[Start of section]

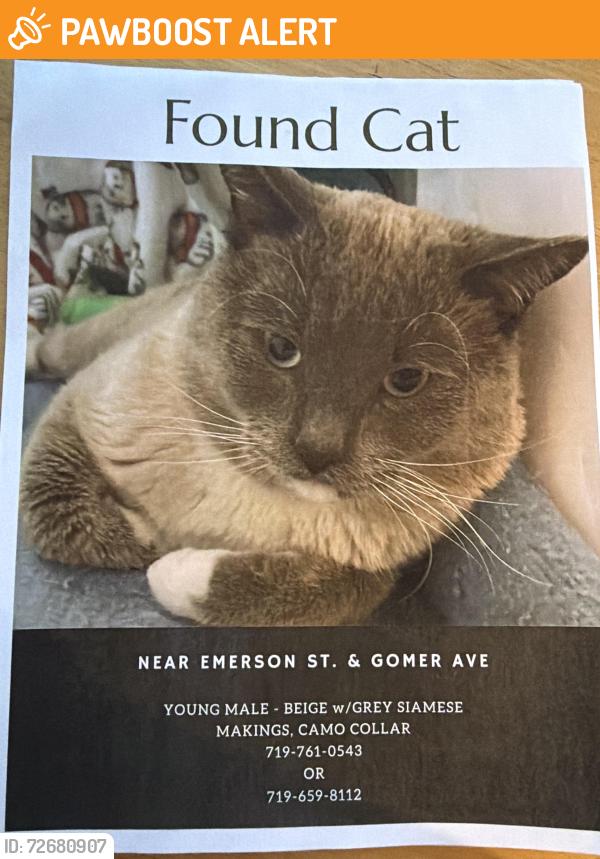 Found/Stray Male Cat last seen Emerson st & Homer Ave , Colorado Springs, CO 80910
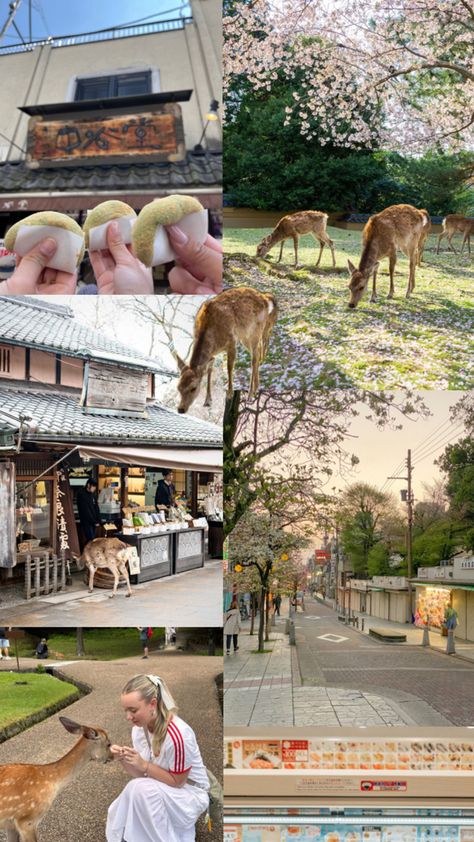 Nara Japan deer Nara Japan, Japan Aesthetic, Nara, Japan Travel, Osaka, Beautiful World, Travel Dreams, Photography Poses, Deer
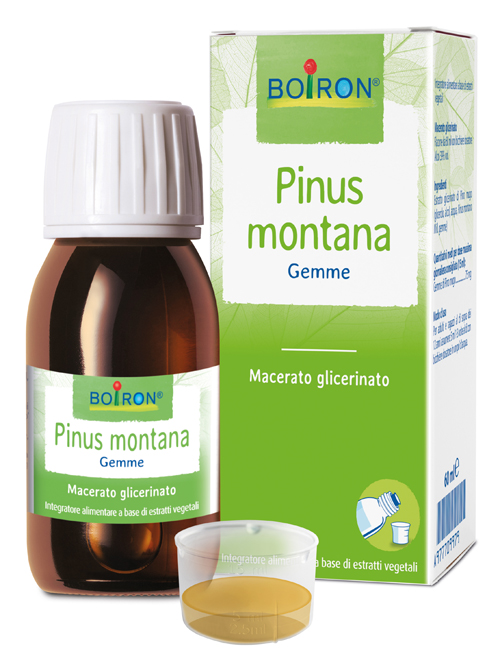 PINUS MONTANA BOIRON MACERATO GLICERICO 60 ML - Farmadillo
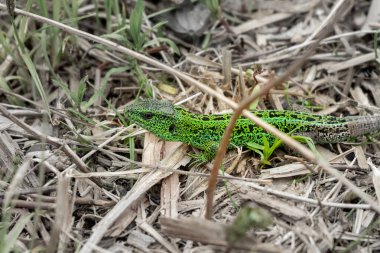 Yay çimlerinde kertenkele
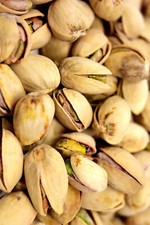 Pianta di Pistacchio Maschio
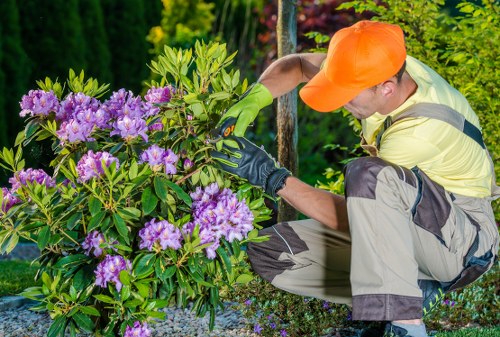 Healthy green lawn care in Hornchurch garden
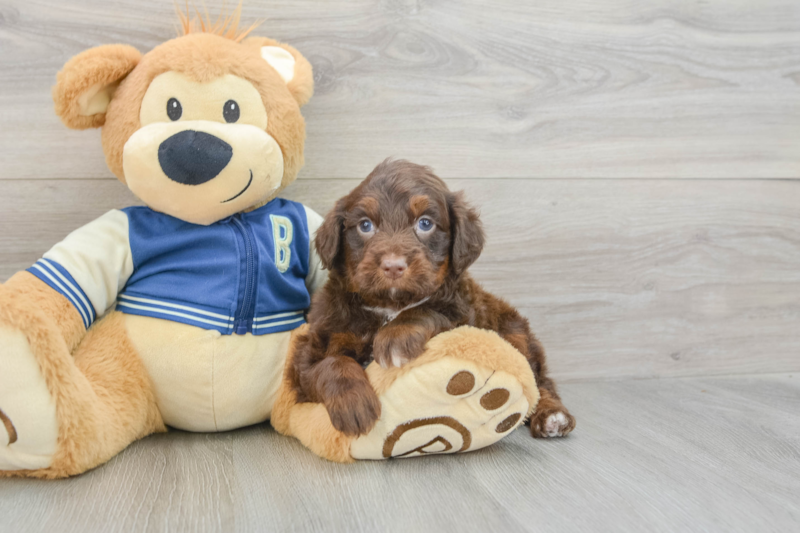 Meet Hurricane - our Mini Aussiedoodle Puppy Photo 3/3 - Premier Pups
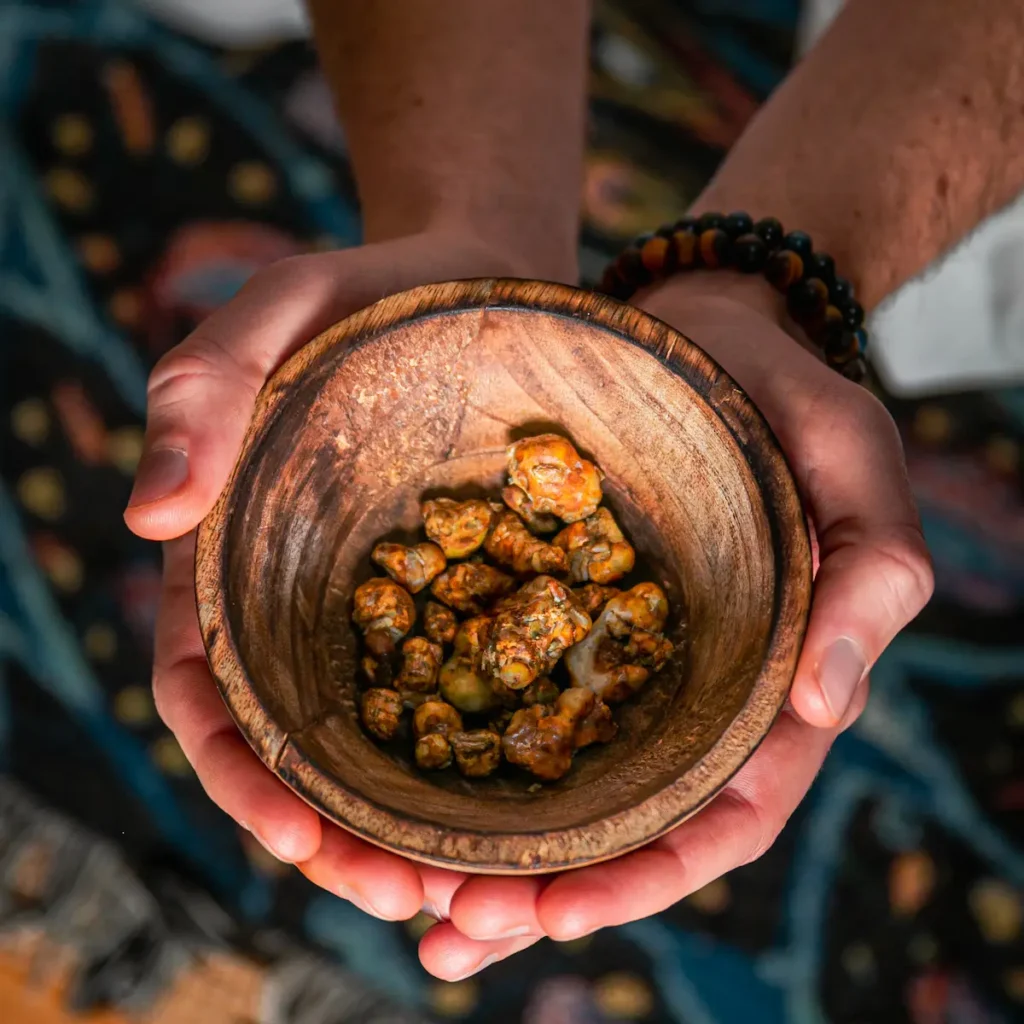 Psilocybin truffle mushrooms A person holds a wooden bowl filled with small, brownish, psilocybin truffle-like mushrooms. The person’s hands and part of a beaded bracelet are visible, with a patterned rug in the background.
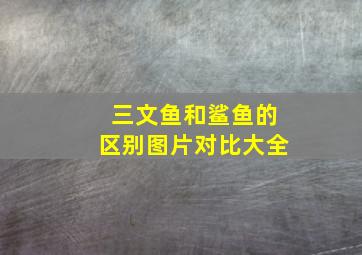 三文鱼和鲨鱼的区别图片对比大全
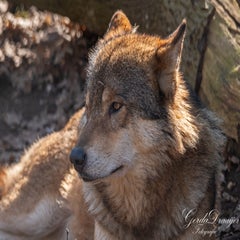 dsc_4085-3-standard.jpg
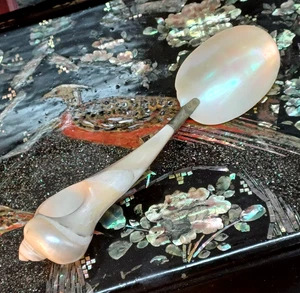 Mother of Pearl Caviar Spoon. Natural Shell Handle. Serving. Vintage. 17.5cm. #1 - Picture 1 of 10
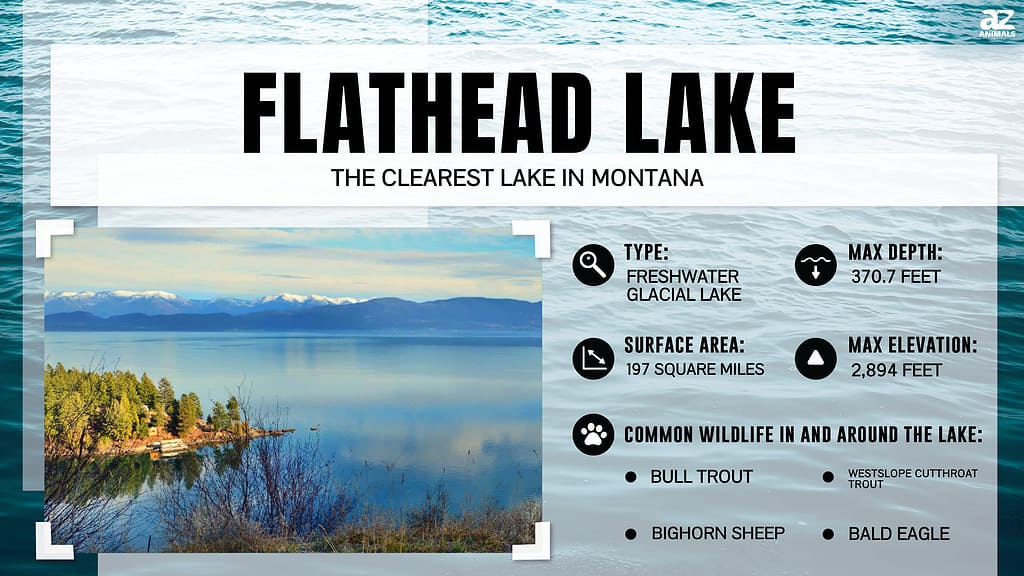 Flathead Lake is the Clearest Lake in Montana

[End of section]
[Start of section]

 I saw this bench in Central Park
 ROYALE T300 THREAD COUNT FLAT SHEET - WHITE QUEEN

[End of section]

Aim of the exercise:
Set the pictures aside and transcribe exactly the stretch of lines above, beginning with the one holding "Yay çimlerinde kertenkele" and ending with the one holding "Mother of Pearl".

Your solution:
 Yay çimlerinde kertenkele
 Pianta di Pistacchio Maschio
 Healthy green lawn care in Hornchurch garden
 Meet Hurricane - our Mini Aussiedoodle Puppy Photo 3/3 - Premier Pups
 Psilocybin truffle mushrooms A person holds a wooden bowl filled with small, brownish, psilocybin truffle-like mushrooms. The person’s hands and part of a beaded bracelet are visible, with a patterned rug in the background.
 三文鱼和鲨鱼的区别图片对比大全
 dsc_4085-3-standard.jpg
 Mother of Pearl Caviar Spoon. Natural Shell Handle. Serving. Vintage. 17.5cm. #1 - Picture 1 of 10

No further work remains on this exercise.